Dogs learn in context to their surroundings, that's one of the first things I was taught. So 'sit' doesn't necessarily mean sit everywhere, just where they've learnt it. The penny drops when you teach it in a variety of locations.

I don't walk my dogs as such, I drive them out to where I exercise them, open the boot and let them run, and teach everything else separately, although I will combine exercise with training, so recall certain dogs, and get them to sit before I release them to 'go play' again. I can't imagine anything more boring, particularly for a working bred dog, to have to stay at heel walking down the pavement, which is what makes it so difficult to train, particularly for those who are new to training dogs and have yet to really learn how to read their dog(s) and how to train/handle them as well. If I can do it with chocolate numpty dogs I'm sure you'll be able to do it with your boy, just keep learning how to engage with him, I do find using basic gundog training helps with this. So for example, to get a retrieve, I get my dogs to do a bit of heelwork and steadiness for me first, and then they might get a retrieve. In your instance, allow your boy to do a bit of hunting for you as a reward after he's got the heelwork bit right, treat it almost as a competition so he has to get the first bit right to be offered the reward of something that he loves to do. You'll soon find they then love doing the first bit because it leads to more rewards. So short bouts of heelwork, as close to somewhere you can hide something like a tennis ball as possible, even in thick bracken/brambles, and encourage him to do what he's bred for. Get him to sit first, and then release him to hunt for the ball, if that makes sense. I use 'there' as the command to hunt, or a whistle command which sounds like the tweet twoo of how you imagine an owl, depending on distance and if I've got my whistle in my gob! With short distances, I'd have them in a sit, perhaps with a raised hand, and then release him by removing the hand and letting him hunt to a 'there'. You can buy canvas discs which lie flat to the ground, so are more difficult for them to see which are also good for training dogs to hunt.
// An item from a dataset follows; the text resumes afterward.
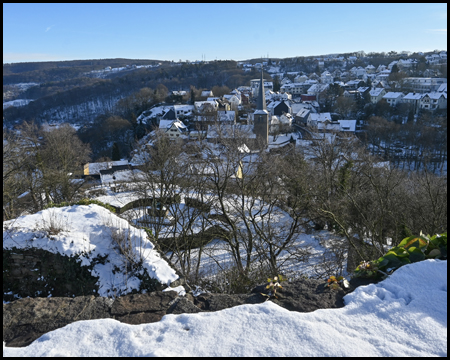 Blick von der Ruine Volmarstein auf den Ort Volmarstein im Schnee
I mix things up with my dogs and they do get informal retrieves, but add a lot of structure as well so they know they have to sit and wait unless I tell them otherwise. Sorry, waffled on a bit, but I often find by stringing together a chain of *events* and using part of their training as a reward, the other parts of that chain act as an incentive, hope that makes sense!


----------



## Hardwick Hounds (May 30, 2012)

I have a cocker who's nearly 3 (had from pup) and she is also excellent off lead but pulls on a lead. I taught her to walk to heel off lead in ten minutes! But put her back on the lead and she pulls like she's on a mission :001_rolleyes:

We used to use the pets at home head collar for her, which doesn't tighten like the halti (which we use on the danes) it just guides from underneath the chin where the lead is attached. It worked for us but we lost it and never replaced it. Alice knows that pulling is wrong and if I say her name in a stern manner, she slows down - gives me a dirty look - and stops pulling for about 30 seconds. We just cope with that now cos where we walk, she's only on lead for ten minutes till we are past the roads.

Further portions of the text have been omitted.